Mahler's Symphony No 1
The Gramophone Choice
Coupled with Lieder eines fahrenden Gesellen
Dietrich Fischer-Dieskau bar Bavarian Radio Symphony Orchestra / Rafael Kubelík
DG The Originals 449 735-2GOR (67‘ · ADD · T/t) Recorded 1967. Buy from Amazon
Rafael Kubelík is essentially a poetic conductor and he gets more poetry out of this symphony than almost any other conductor who has recorded it. Although he takes the repeat of the first movement’s short exposition, it’s strange that he should ignore the single repeat sign in the Ländler when he seems so at ease with the music. Notwithstanding a fondness for generally brisk tempi in Mahler, Kubelík is never afraid of rubato here, above all in his very personally inflected account of the slow movement. This remains a delight. The finale now seems sonically a little thin, with the trumpets made to sound rather hard-pressed and the final climax failing to open out as it can in more modern recordings. The orchestral contribution is very good even if absolute precision isn’t guaranteed.
Dietrich Fischer-Dieskau’s second recording of the Lieder eines fahrenden Gesellen has worn rather less well, the spontaneous ardour of his earlier performance (with Furtwängler and the Philharmonia for EMI) here tending to stiffen into melodrama and mannerism. There’s much beautiful singing, and he’s most attentively accompanied, but the third song, ‘Ich hab’ ein glühend Messer’, is implausibly overwrought, bordering on self-parody. By contrast, Kubelík’s unpretentious, Bohemian approach to the symphony remains perfectly valid. A corrective to the grander visions of those who conduct the music with the benefit of hindsight and the advantages of digital technology?
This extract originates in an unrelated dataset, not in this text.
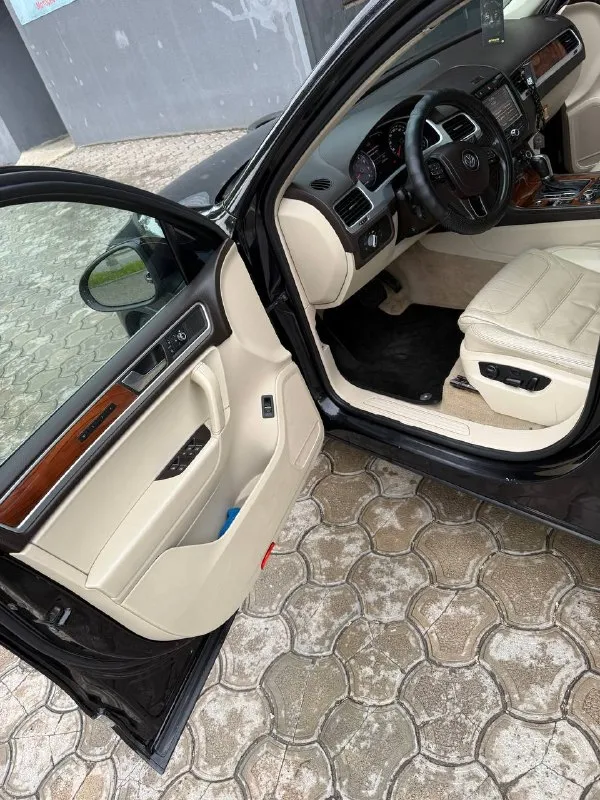 Продам volkswagen touareg 2010 года
Красивый и надежный автомобиль с бензиновым двигателем.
Perhaps.
Additional Recommendation
Hamburg 1893 version Coupled with Blumine
Netherlands Symphony Orchestra / Jan Willem de Vriend
Challenge Classics CC72355 (56’ · DDD). Buy from Amazon
Don’t miss this one. Where mainstream releases of the First Symphony from the likes of Sir Simon Rattle (EMI) have included the discarded Blumine movement as a species of makeweight, Jan Willem de Vriend has gone back to the earlier incarnations of the complete score into which Blumine slots more naturally as the second segment of what was then a five-movement ‘Symphonic Poem in Two Parts’. The smaller sonority isn’t primarily the consequence of employing the capable Netherlands SO. Rather it reflects the scoring Mahler required at this earlier stage in what was to prove, even for him, a long compositional process. Whatever the arguments for and against the rehabilitation of Mahler’s moonlit serenade, restored to currency only in the 1960s, this is the first recording of the complete 1893 version to acquire international distribution since that of Wyn Morris in 1970. As such it may be seen as required listening for Mahlerians.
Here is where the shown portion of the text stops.